WHAT THE EXERCISE ASKS:
Exact copy, no pictures: set down the lines from the one holding "Callus Rx (Formerly" through the final line of the records below.

[[ SOURCE RECORDS open ]]

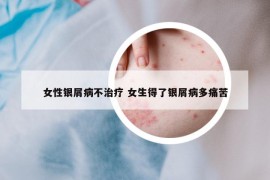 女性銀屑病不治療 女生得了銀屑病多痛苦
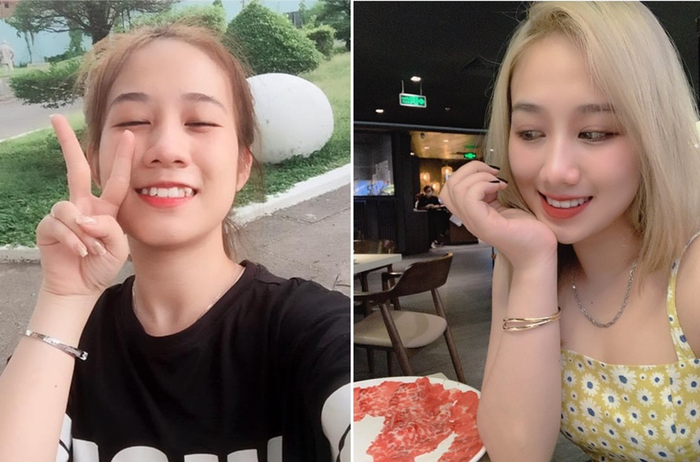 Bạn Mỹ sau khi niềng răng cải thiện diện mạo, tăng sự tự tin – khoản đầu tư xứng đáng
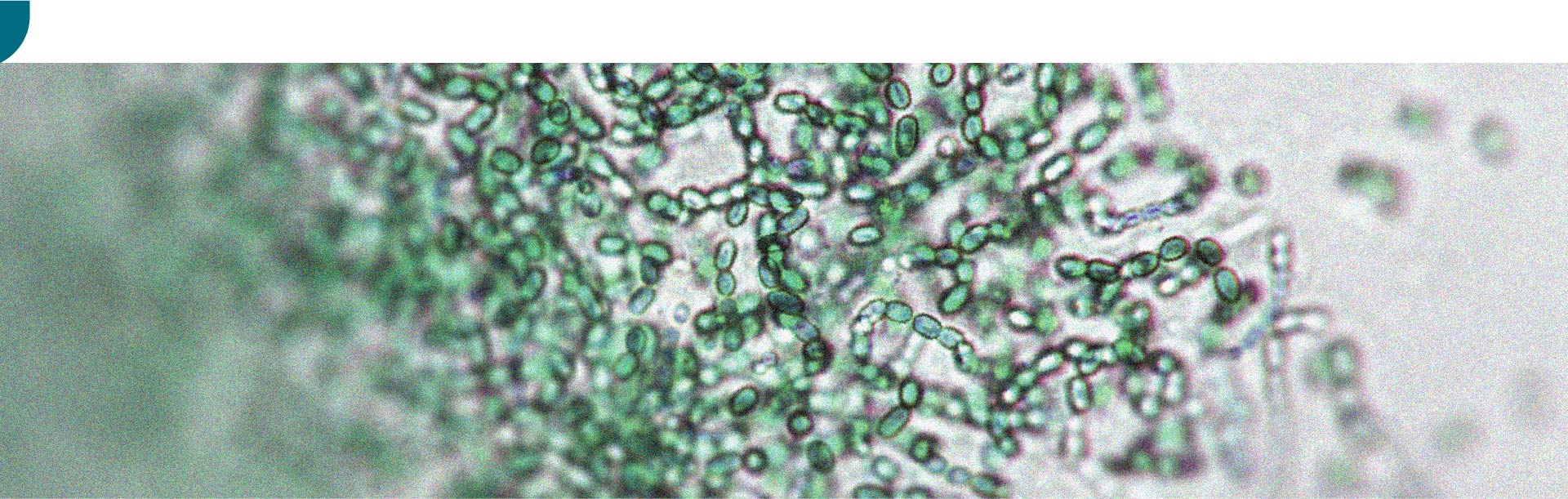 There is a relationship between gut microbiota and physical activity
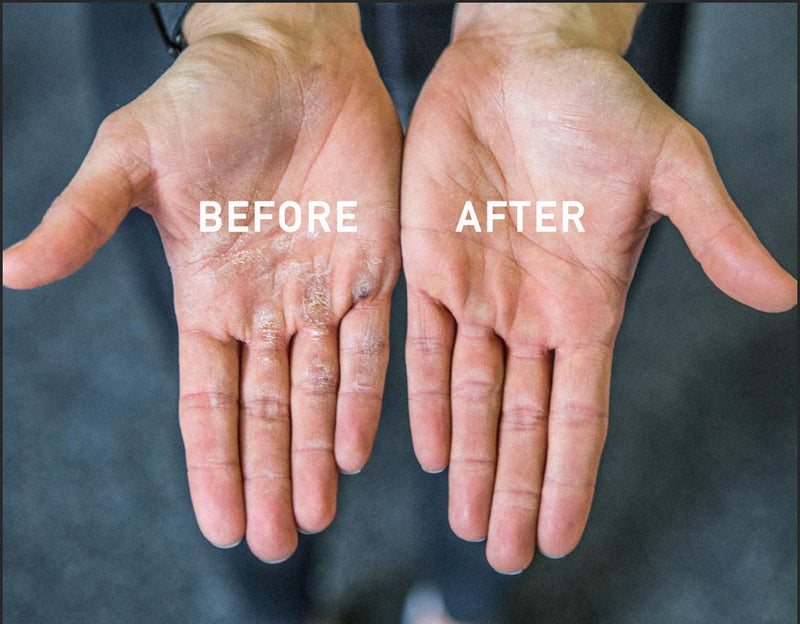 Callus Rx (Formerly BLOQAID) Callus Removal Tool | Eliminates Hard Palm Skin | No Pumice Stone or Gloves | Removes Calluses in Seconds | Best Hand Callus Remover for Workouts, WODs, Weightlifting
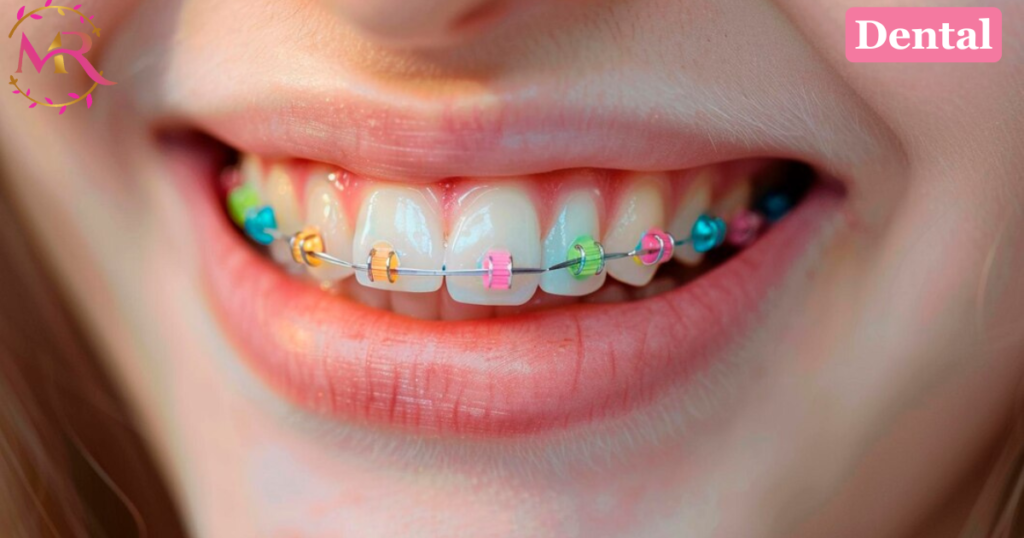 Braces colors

[[ SOURCE RECORDS closed ]]

YOUR RESPONSE:
 Callus Rx (Formerly BLOQAID) Callus Removal Tool | Eliminates Hard Palm Skin | No Pumice Stone or Gloves | Removes Calluses in Seconds | Best Hand Callus Remover for Workouts, WODs, Weightlifting
 Braces colors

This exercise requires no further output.